------ Records for this exercise ------

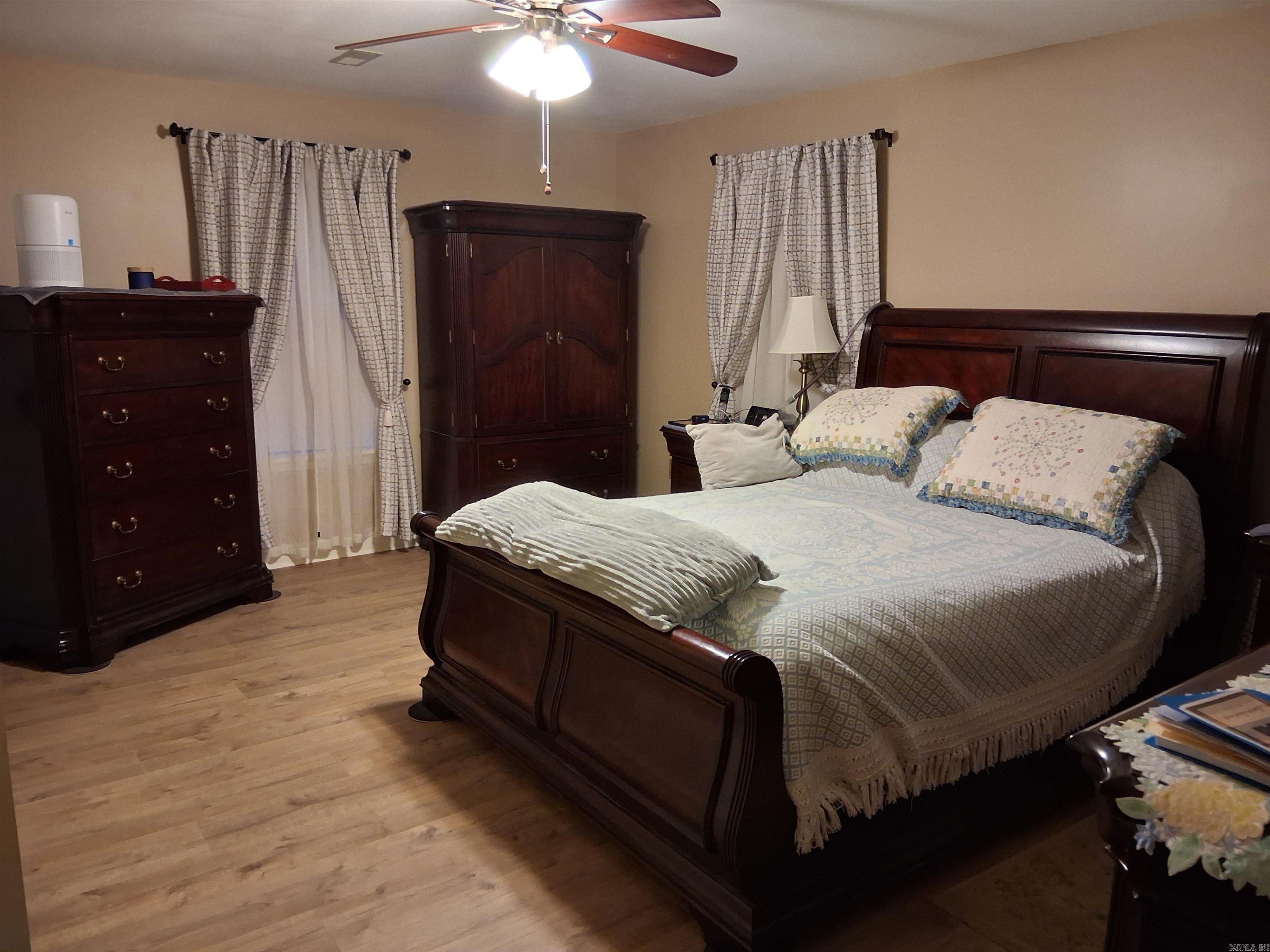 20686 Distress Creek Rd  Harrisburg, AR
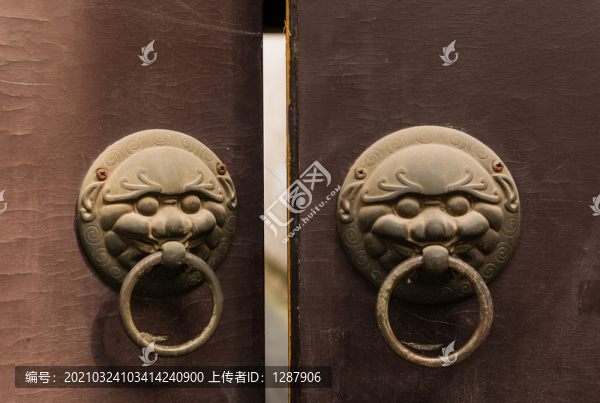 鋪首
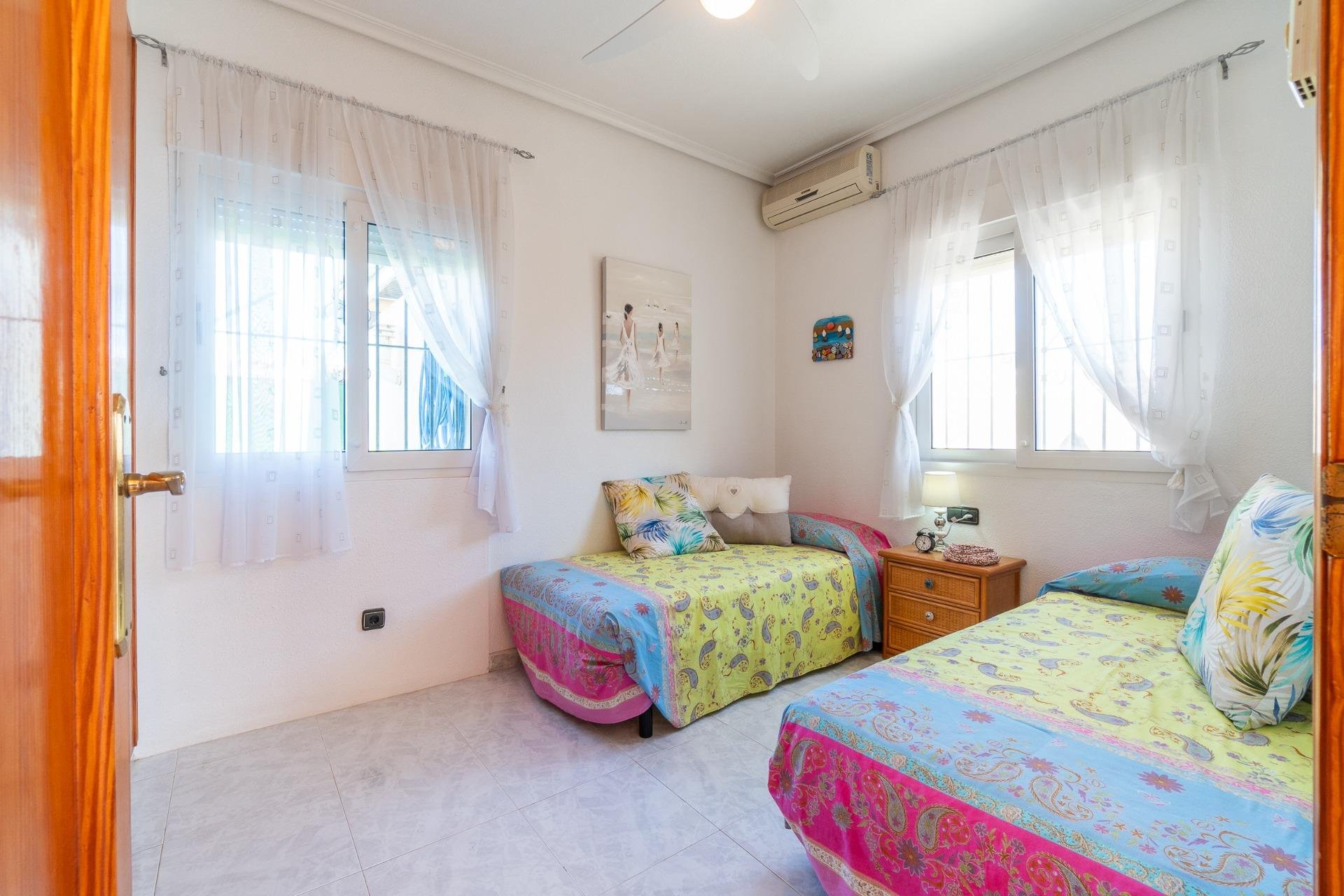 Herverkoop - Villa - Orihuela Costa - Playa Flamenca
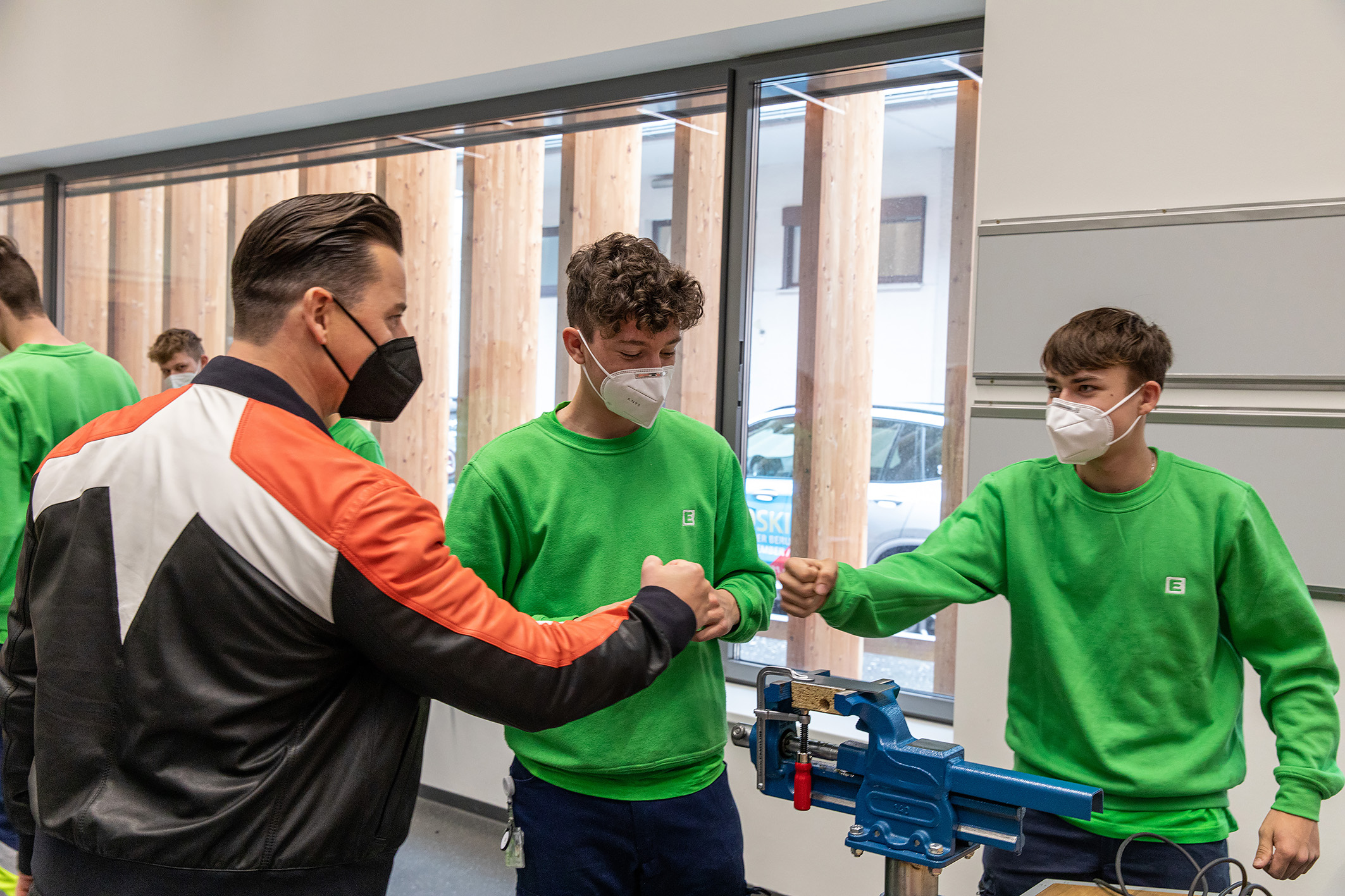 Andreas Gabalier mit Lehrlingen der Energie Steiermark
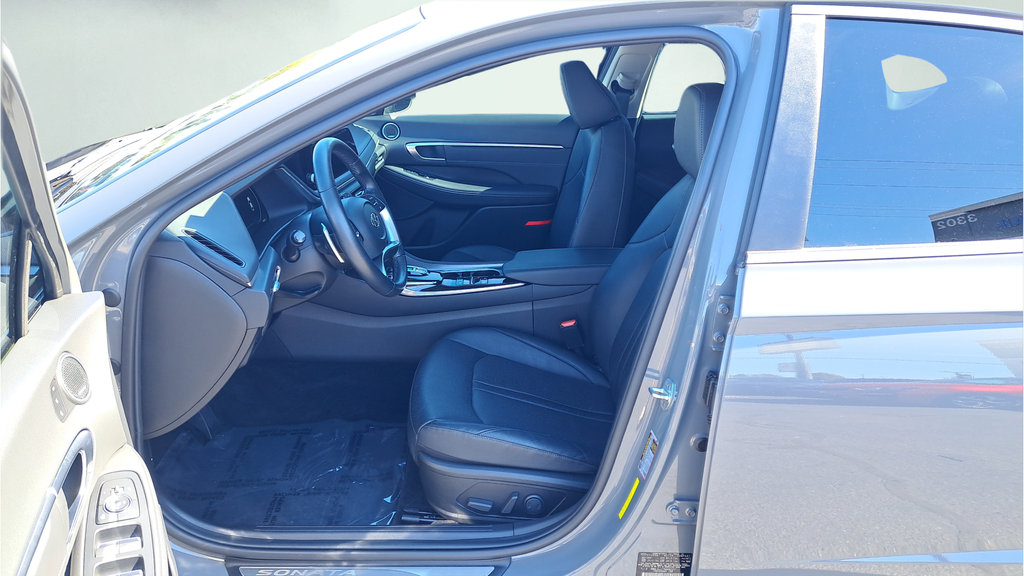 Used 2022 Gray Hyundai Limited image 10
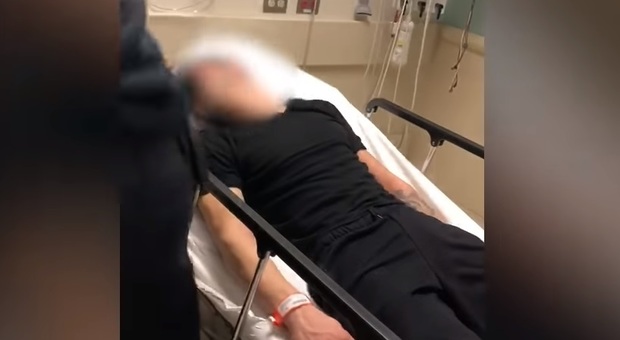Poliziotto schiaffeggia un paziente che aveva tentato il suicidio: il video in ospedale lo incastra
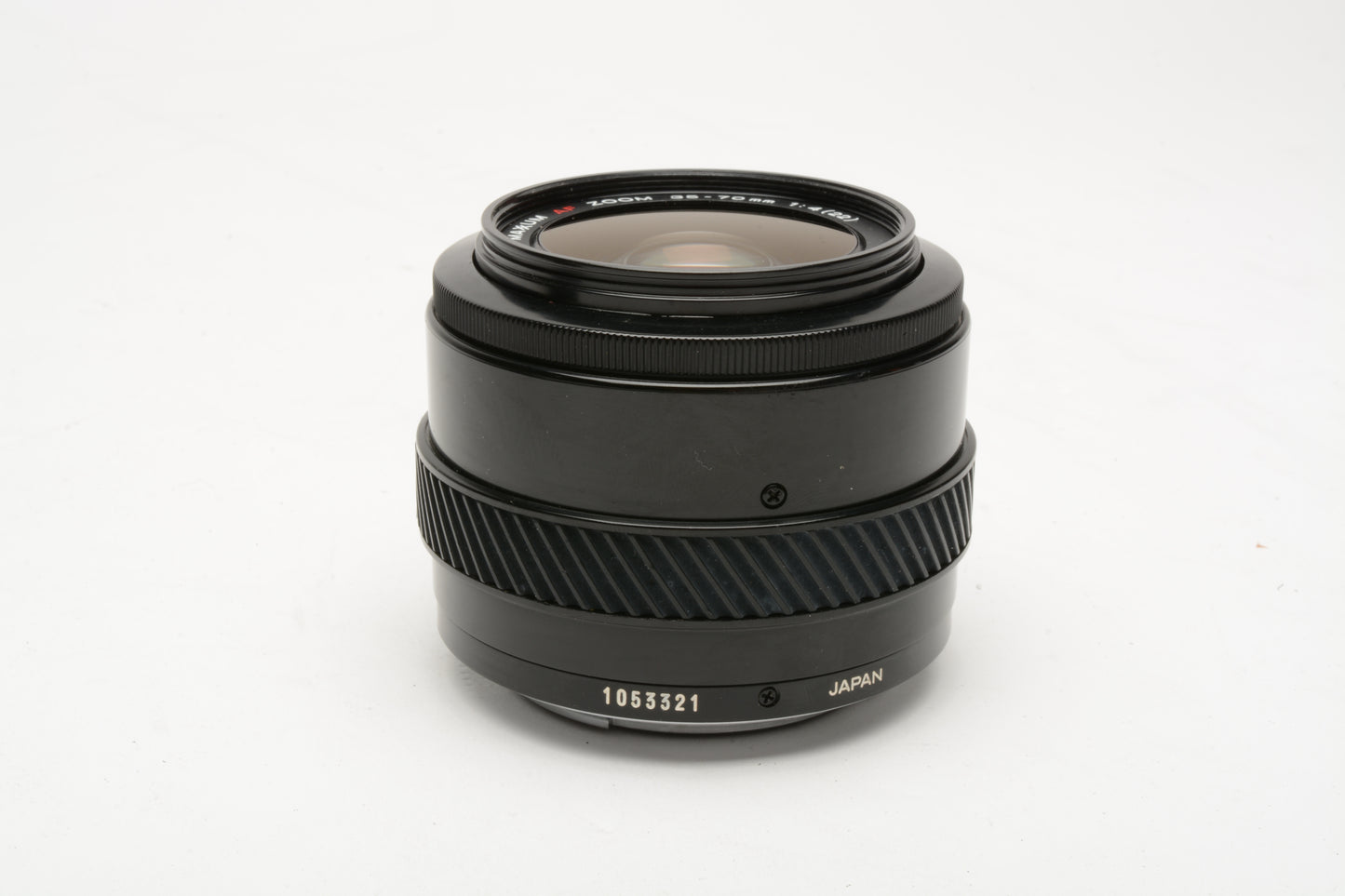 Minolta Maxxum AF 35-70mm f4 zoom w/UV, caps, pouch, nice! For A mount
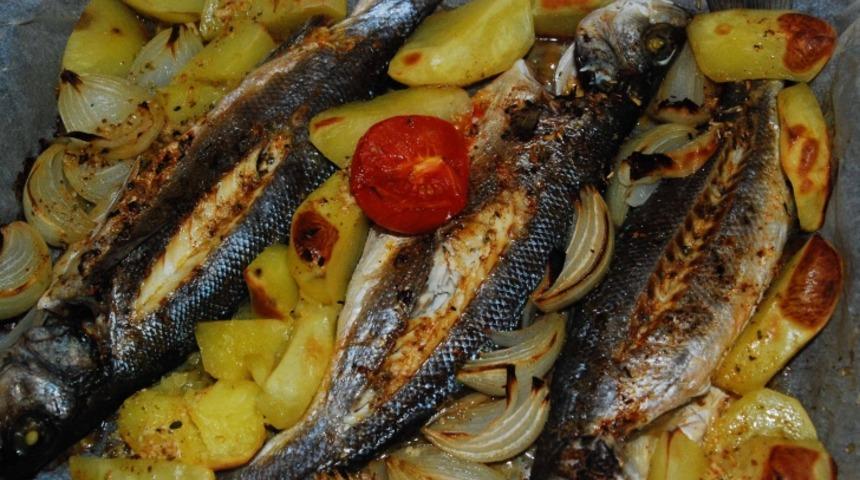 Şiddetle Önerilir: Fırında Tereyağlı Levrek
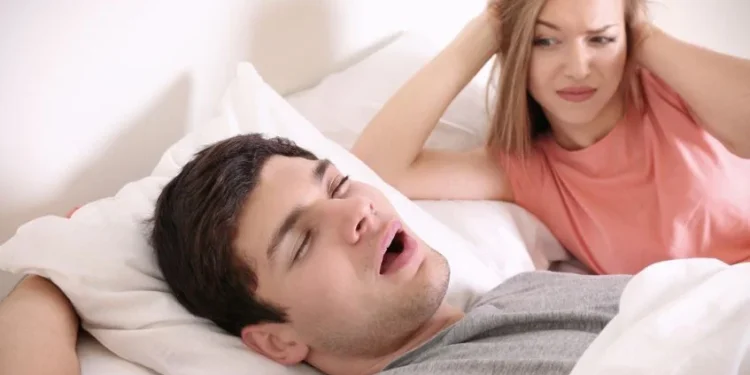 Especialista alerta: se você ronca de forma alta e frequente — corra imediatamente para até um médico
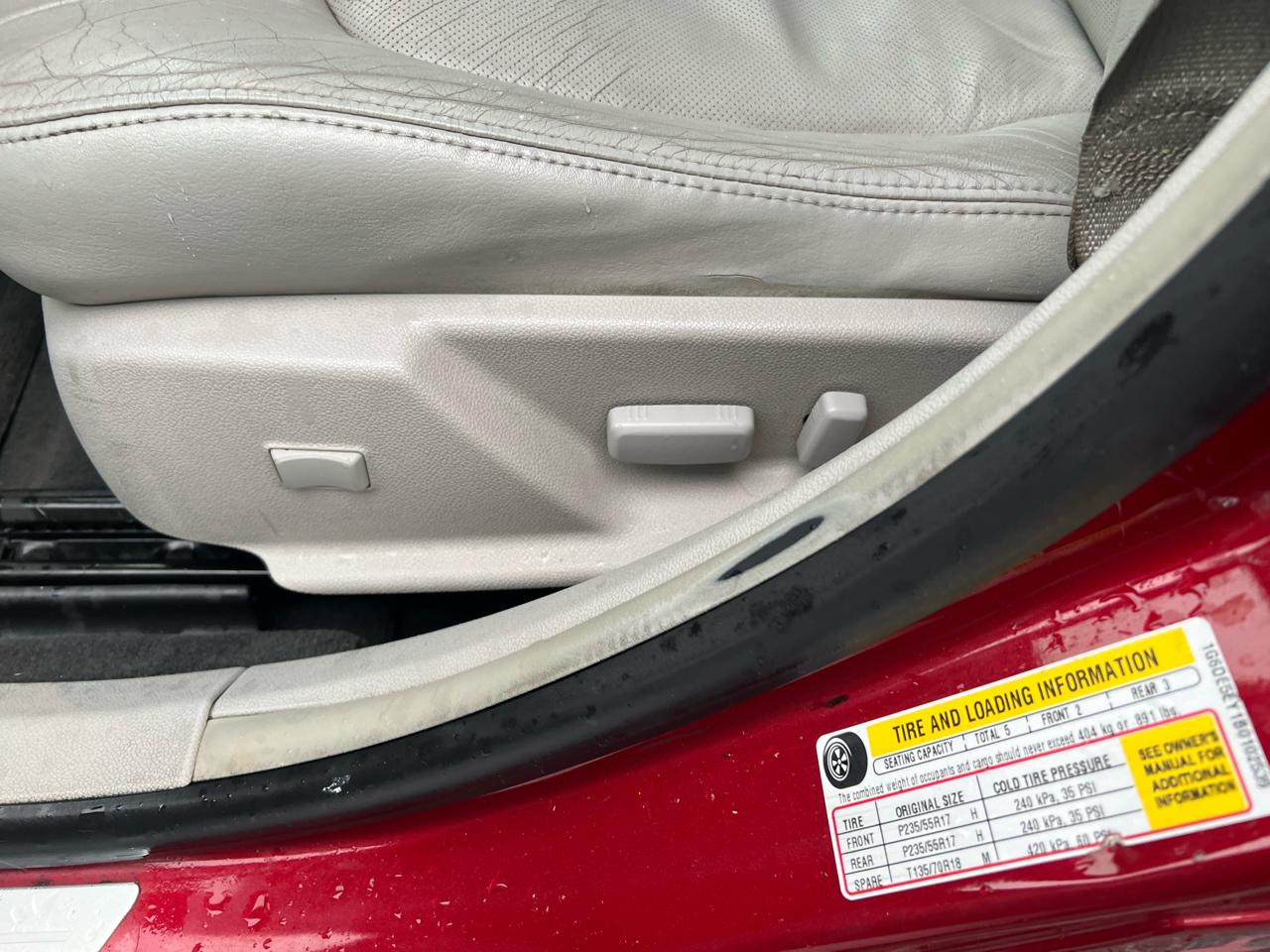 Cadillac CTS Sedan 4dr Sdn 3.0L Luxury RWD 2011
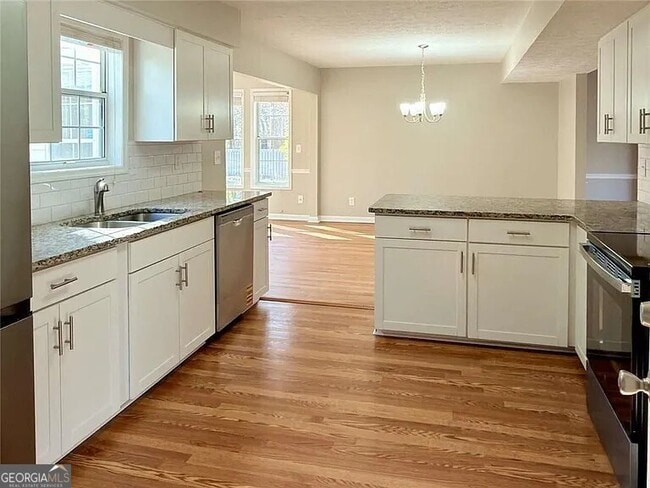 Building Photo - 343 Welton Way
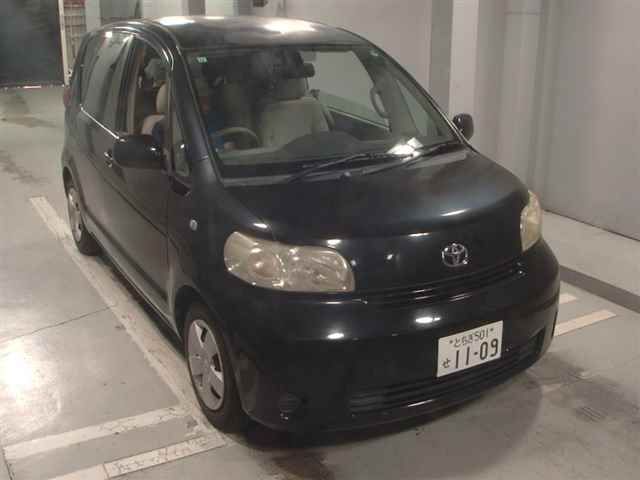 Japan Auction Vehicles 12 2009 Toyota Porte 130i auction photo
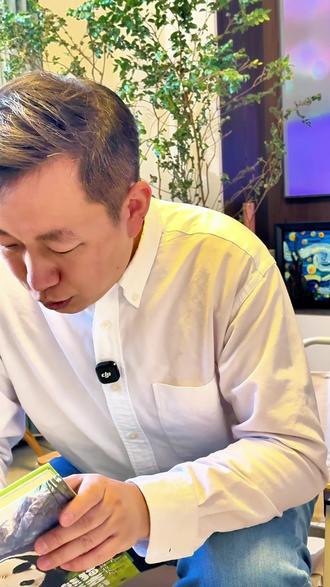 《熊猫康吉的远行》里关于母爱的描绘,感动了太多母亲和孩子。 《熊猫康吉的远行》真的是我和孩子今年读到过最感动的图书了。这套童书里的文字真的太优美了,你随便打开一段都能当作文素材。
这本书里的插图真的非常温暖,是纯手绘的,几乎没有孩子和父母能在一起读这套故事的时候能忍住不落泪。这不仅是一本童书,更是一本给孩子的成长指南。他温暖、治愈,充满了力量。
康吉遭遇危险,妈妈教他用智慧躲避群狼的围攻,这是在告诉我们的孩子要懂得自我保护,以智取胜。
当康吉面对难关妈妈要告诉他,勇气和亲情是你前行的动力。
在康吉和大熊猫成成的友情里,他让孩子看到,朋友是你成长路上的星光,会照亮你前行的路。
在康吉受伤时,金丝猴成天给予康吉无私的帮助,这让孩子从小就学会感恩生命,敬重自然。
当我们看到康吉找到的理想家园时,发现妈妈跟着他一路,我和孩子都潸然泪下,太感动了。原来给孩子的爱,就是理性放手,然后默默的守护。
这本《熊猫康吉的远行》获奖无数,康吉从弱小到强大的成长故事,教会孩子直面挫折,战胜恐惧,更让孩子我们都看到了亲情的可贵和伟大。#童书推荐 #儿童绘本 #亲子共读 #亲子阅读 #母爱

------

◆ **What is needed**: All of the records must come back exactly as they stand, minus every picture.

◆ **Response to the exercise**:
 20686 Distress Creek Rd  Harrisburg, AR
 鋪首
 Herverkoop - Villa - Orihuela Costa - Playa Flamenca
 Andreas Gabalier mit Lehrlingen der Energie Steiermark
 Used 2022 Gray Hyundai Limited image 10
Poliziotto schiaffeggia un paziente che aveva tentato il suicidio: il video in ospedale lo incastra
 Minolta Maxxum AF 35-70mm f4 zoom w/UV, caps, pouch, nice! For A mount
 Şiddetle Önerilir: Fırında Tereyağlı Levrek
 Especialista alerta: se você ronca de forma alta e frequente — corra imediatamente para até um médico
 Cadillac CTS Sedan 4dr Sdn 3.0L Luxury RWD 2011
 Building Photo - 343 Welton Way
 Japan Auction Vehicles 12 2009 Toyota Porte 130i auction photo
 《熊猫康吉的远行》里关于母爱的描绘,感动了太多母亲和孩子。 《熊猫康吉的远行》真的是我和孩子今年读到过最感动的图书了。这套童书里的文字真的太优美了,你随便打开一段都能当作文素材。
这本书里的插图真的非常温暖,是纯手绘的,几乎没有孩子和父母能在一起读这套故事的时候能忍住不落泪。这不仅是一本童书,更是一本给孩子的成长指南。他温暖、治愈,充满了力量。
康吉遭遇危险,妈妈教他用智慧躲避群狼的围攻,这是在告诉我们的孩子要懂得自我保护,以智取胜。
当康吉面对难关妈妈要告诉他,勇气和亲情是你前行的动力。
在康吉和大熊猫成成的友情里,他让孩子看到,朋友是你成长路上的星光,会照亮你前行的路。
在康吉受伤时,金丝猴成天给予康吉无私的帮助,这让孩子从小就学会感恩生命,敬重自然。
当我们看到康吉找到的理想家园时,发现妈妈跟着他一路,我和孩子都潸然泪下,太感动了。原来给孩子的爱,就是理性放手,然后默默的守护。
这本《熊猫康吉的远行》获奖无数,康吉从弱小到强大的成长故事,教会孩子直面挫折,战胜恐惧,更让孩子我们都看到了亲情的可贵和伟大。#童书推荐 #儿童绘本 #亲子共读 #亲子阅读 #母爱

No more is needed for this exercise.